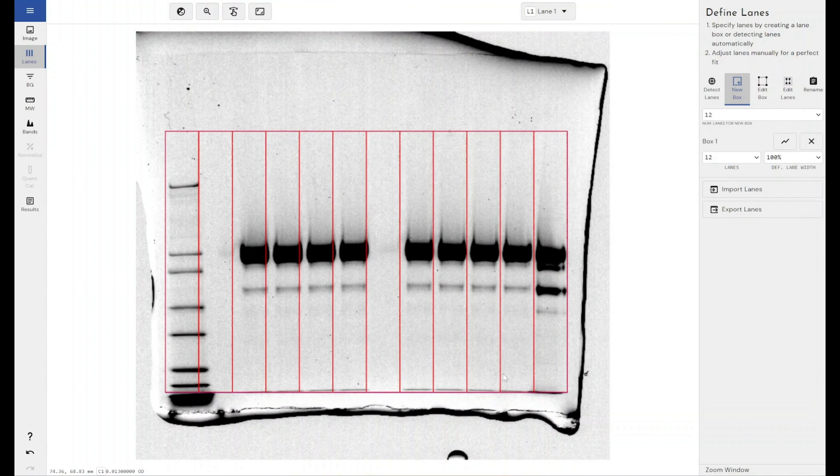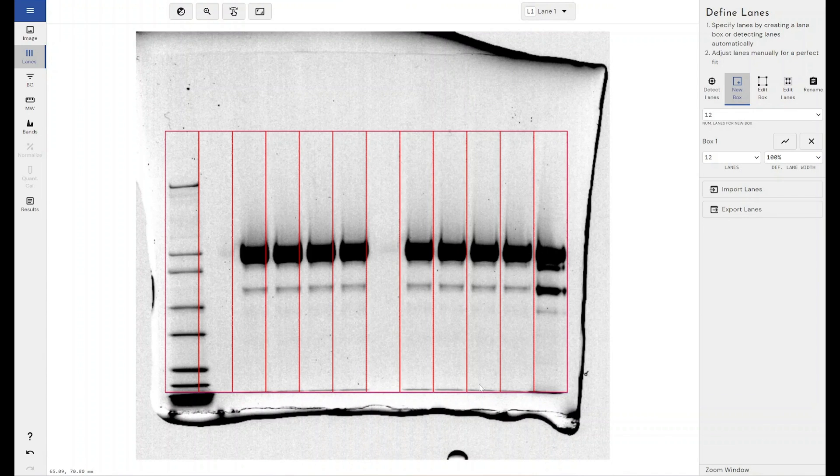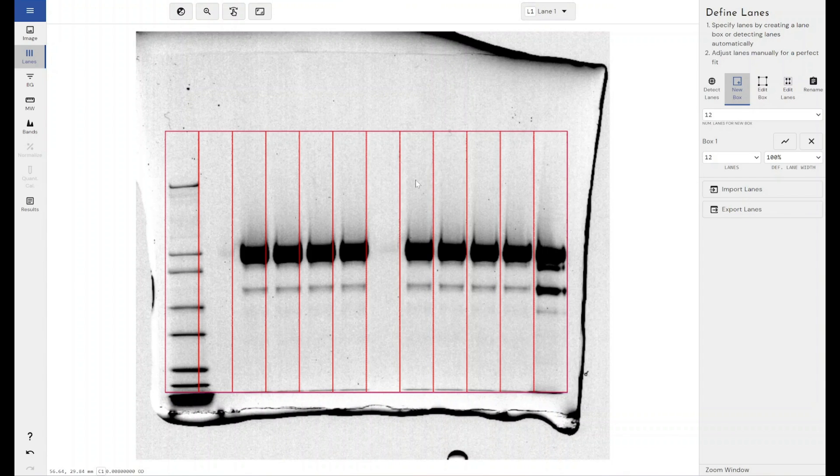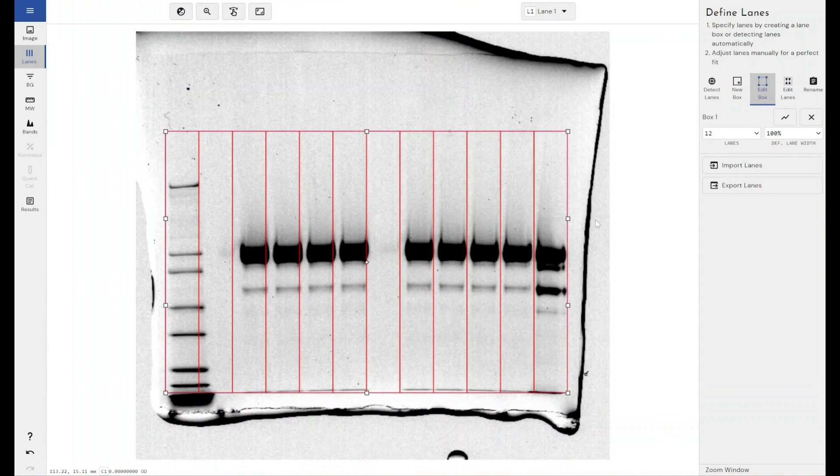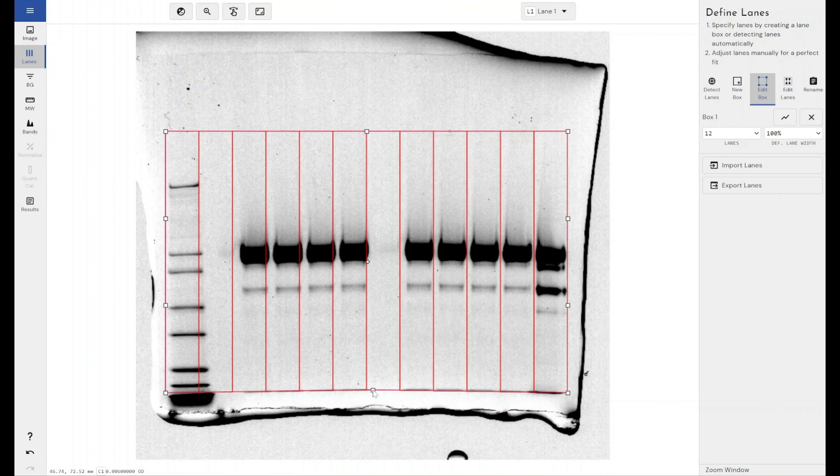If you're in the situation whereby your gel has gone slightly frowny, which has happened with this gel and it doesn't fit accurately within a square box, if you click the subdivide button here you get additional handles with which to warp your lane box to match the attributes of your gel.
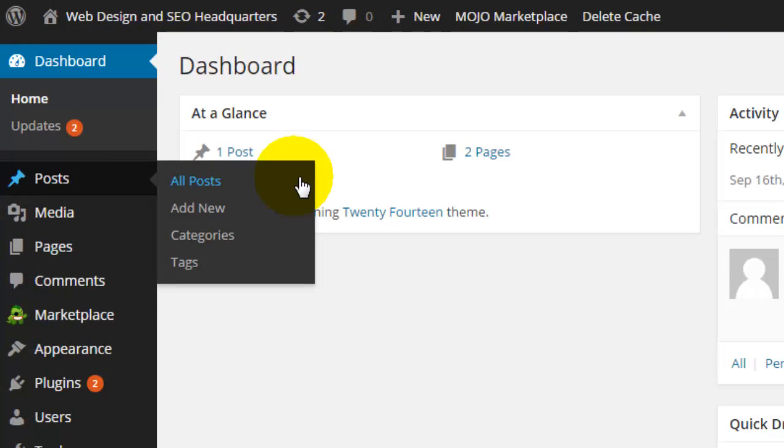Under the Posts menu, you'll see All Posts, Add New, Categories, and Tags.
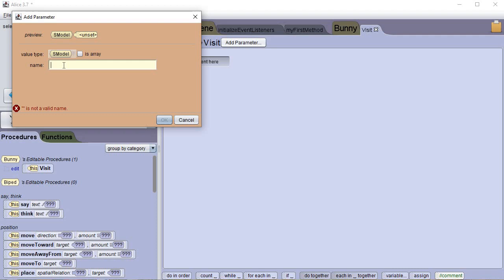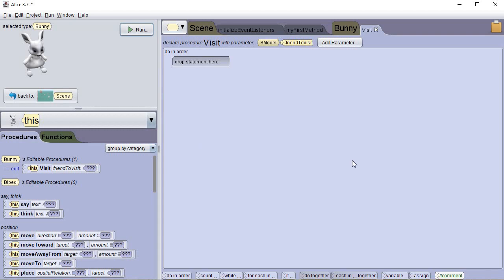We need to give the parameter a name — let's call it 'friendToVisit,' all one word. Notice I did not capitalize the very first letter, but I capitalized the first letter of each subsequent word. This is called camel case — it makes it easier to read because if everything is lowercase it all runs together, but capitalizing the first letter of each word helps you distinguish them. You don't capitalize the very first one because it's already easy to distinguish. So 'friendToVisit' will figure out who we're visiting. Click OK and now friendToVisit appears up here in the SModel type.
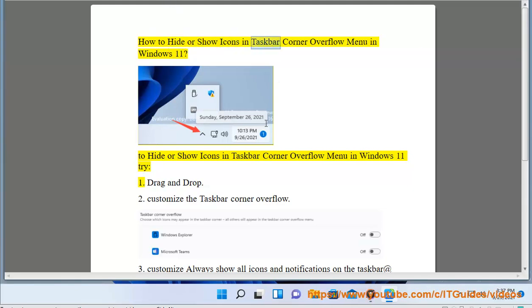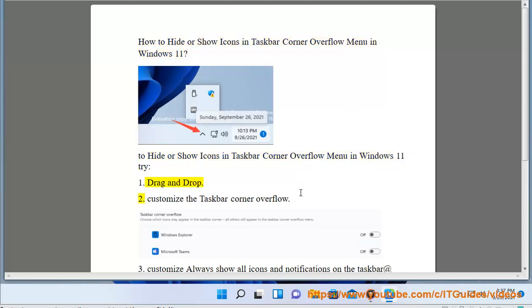How to hide or show icons in the taskbar corner overflow menu in Windows 11. To hide or show icons in the taskbar corner overflow menu in Windows 11, try: 1. Drag and drop.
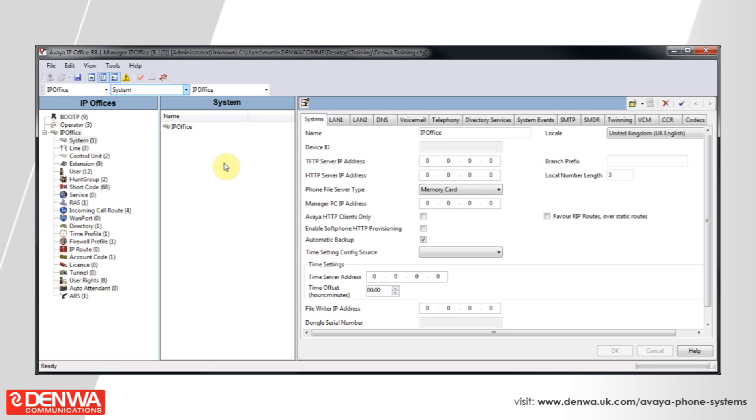Okay, I'm going to quickly show you how to apply a license to your IP office system. Get connected to your Avaya IP office manager software and open up the connection to your phone system.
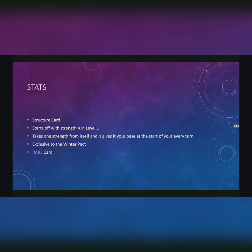That means that for example, if you have an Underground Spring with strength 3 on the board, at the start of your next turn, you take 1 strength from itself, meaning 2, and add that to your base. You keep doing that until either it's been destroyed or it eventually takes all the strength away from itself and destroys itself.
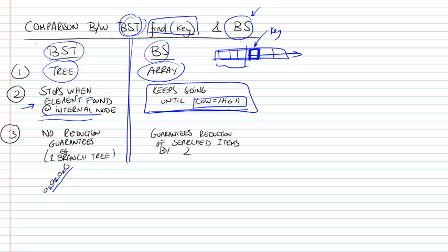So in the previous video, I felt I went a little too quickly over the comparison between BST and BS. So let's just make it clear here.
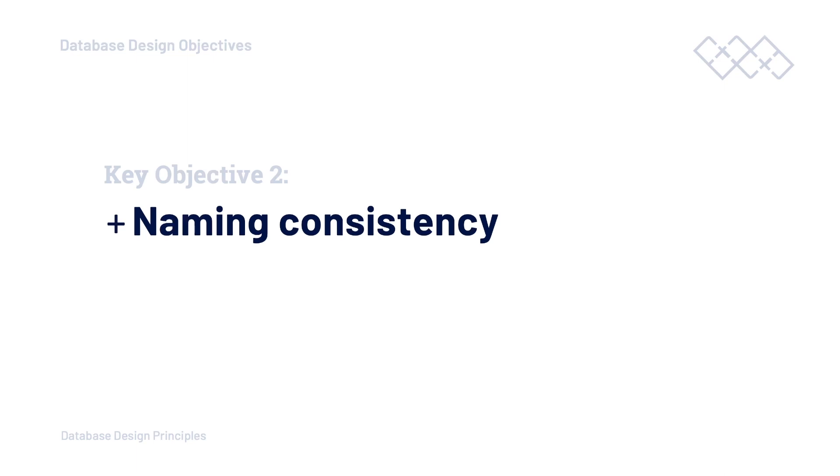There can be many other teams, developers and others who will be working with your database over the lifespan of your database. Naming consistently, among other good practices, which we will discuss later in this course, goes a long way in helping others to work with your database.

+++++

→ Work request
All records above are to be printed exactly, minus the pictures they contain.

→ Output of the exercise
If you're in the situation whereby your gel has gone slightly frowny, which has happened with this gel and it doesn't fit accurately within a square box, if you click the subdivide button here you get additional handles with which to warp your lane box to match the attributes of your gel.
Under the Posts menu, you'll see All Posts, Add New, Categories, and Tags.
We need to give the parameter a name — let's call it 'friendToVisit,' all one word. Notice I did not capitalize the very first letter, but I capitalized the first letter of each subsequent word. This is called camel case — it makes it easier to read because if everything is lowercase it all runs together, but capitalizing the first letter of each word helps you distinguish them. You don't capitalize the very first one because it's already easy to distinguish. So 'friendToVisit' will figure out who we're visiting. Click OK and now friendToVisit appears up here in the SModel type.
How to hide or show icons in the taskbar corner overflow menu in Windows 11. To hide or show icons in the taskbar corner overflow menu in Windows 11, try: 1. Drag and drop.
Okay, I'm going to quickly show you how to apply a license to your IP office system. Get connected to your Avaya IP office manager software and open up the connection to your phone system.
That means that for example, if you have an Underground Spring with strength 3 on the board, at the start of your next turn, you take 1 strength from itself, meaning 2, and add that to your base. You keep doing that until either it's been destroyed or it eventually takes all the strength away from itself and destroys itself.
So in the previous video, I felt I went a little too quickly over the comparison between BST and BS. So let's just make it clear here.
There can be many other teams, developers and others who will be working with your database over the lifespan of your database. Naming consistently, among other good practices, which we will discuss later in this course, goes a long way in helping others to work with your database.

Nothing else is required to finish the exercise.